Extracted material: Begin
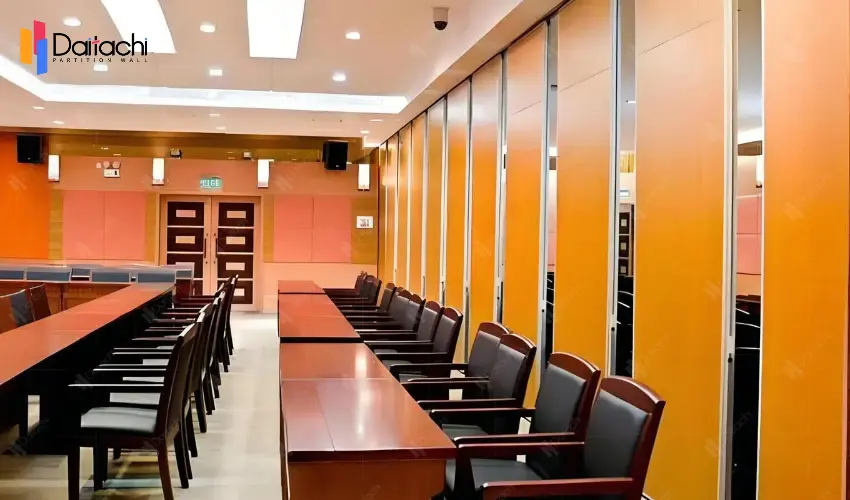 Orange movable partition wall in the large conference room Orange movable partition wall in the large conference room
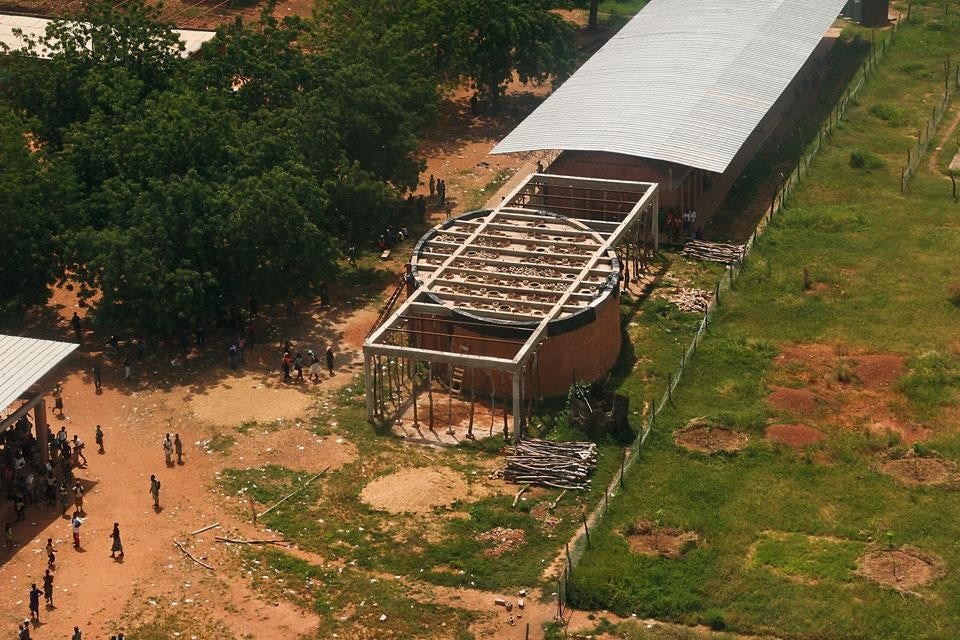 Top and above: The Gando campus library
acts as a hinge between
the elementary school and
its extension. The effect of
fragmented light is achieved
by inserting handmade
bottomless terracotta pots
into the roof slab. The
latter is then protected by a
second roofing in translucent
polycarbonate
Extracted material: End
» What the task asks
Reproduce every line above word for word; no images.

» Solution to this exercise
 Orange movable partition wall in the large conference room Orange movable partition wall in the large conference room
 Top and above: The Gando campus library
acts as a hinge between
the elementary school and
its extension. The effect of
fragmented light is achieved
by inserting handmade
bottomless terracotta pots
into the roof slab. The
latter is then protected by a
second roofing in translucent
polycarbonate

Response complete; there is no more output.